Problem details
Look below for the line that has "Park Miejski w Przemyślu". Set down the lines from there through the line that has "mushrooms nature autumn", exactly as written.

(Scraped caption text data)
= = = = = = =
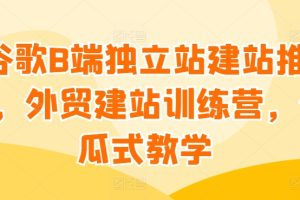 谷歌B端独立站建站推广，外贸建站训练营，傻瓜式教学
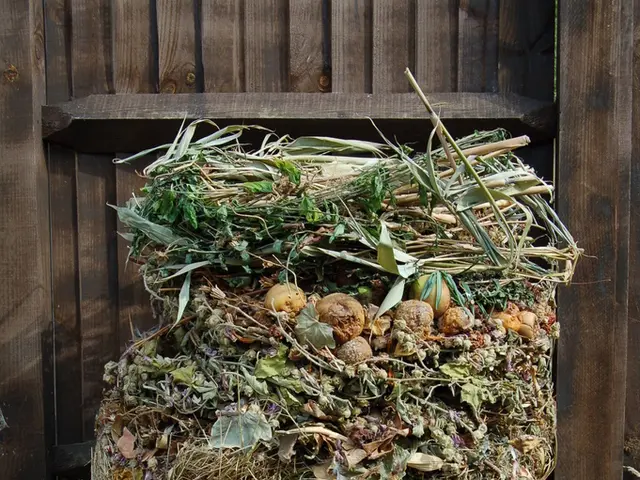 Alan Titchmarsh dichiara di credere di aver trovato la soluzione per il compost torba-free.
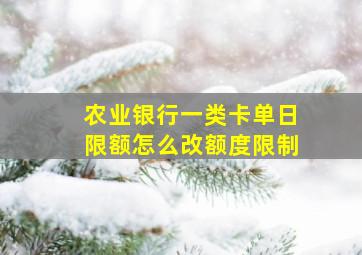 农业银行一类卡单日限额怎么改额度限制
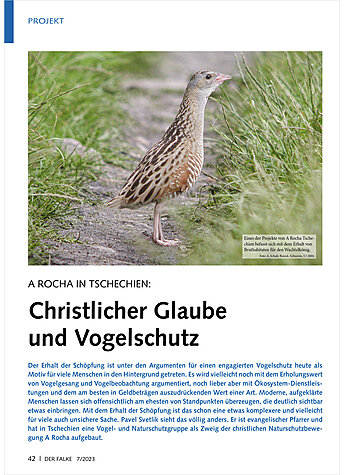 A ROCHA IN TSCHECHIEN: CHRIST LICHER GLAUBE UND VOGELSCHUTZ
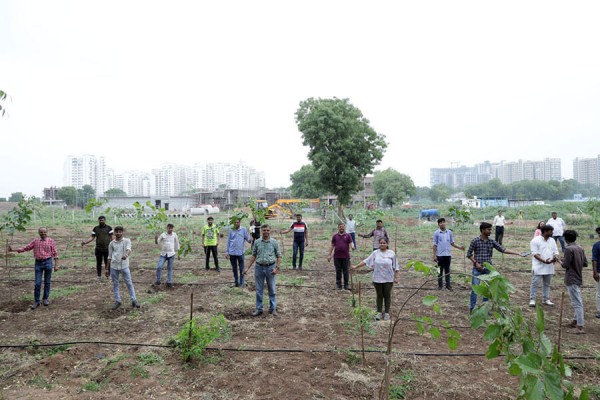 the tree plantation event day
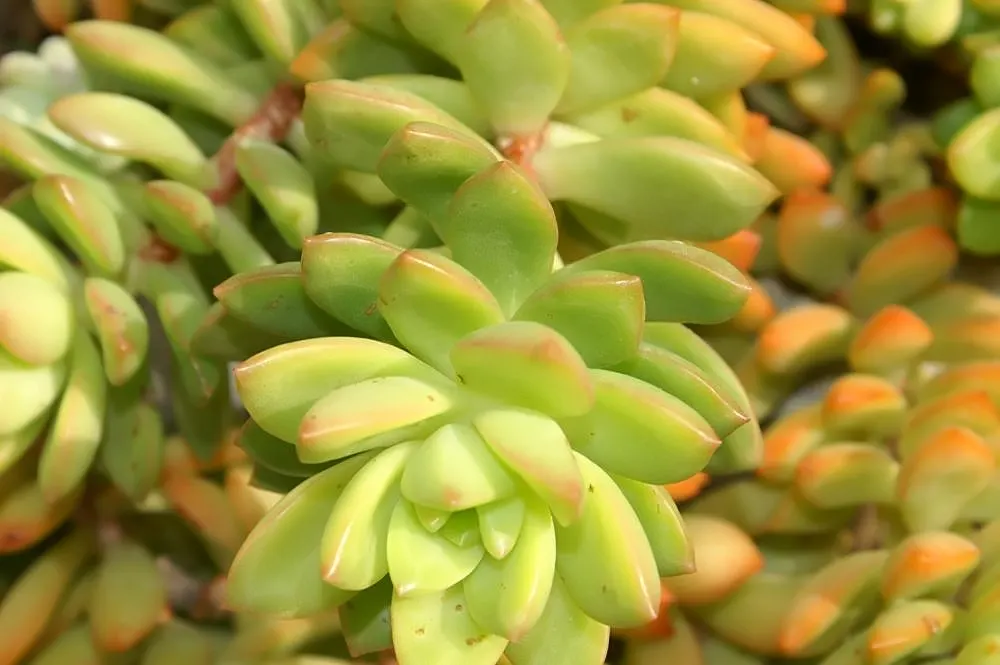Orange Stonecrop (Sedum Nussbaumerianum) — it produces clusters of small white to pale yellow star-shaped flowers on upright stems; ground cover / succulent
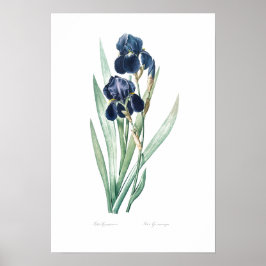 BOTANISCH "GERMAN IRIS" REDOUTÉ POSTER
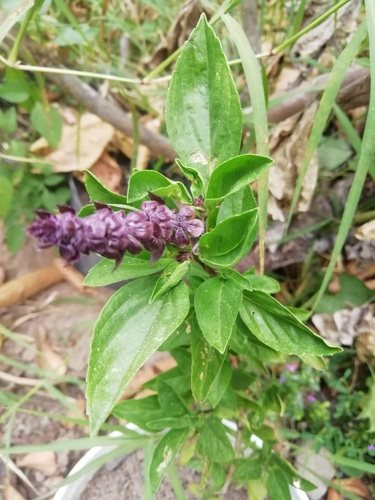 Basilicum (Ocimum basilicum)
= = = = = = =
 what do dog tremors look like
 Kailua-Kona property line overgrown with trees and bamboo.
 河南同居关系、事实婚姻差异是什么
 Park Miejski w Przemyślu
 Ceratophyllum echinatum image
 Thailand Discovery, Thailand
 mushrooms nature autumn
= = = = = = =
Answer space
 Park Miejski w Przemyślu
 Ceratophyllum echinatum image
 Thailand Discovery, Thailand
 mushrooms nature autumn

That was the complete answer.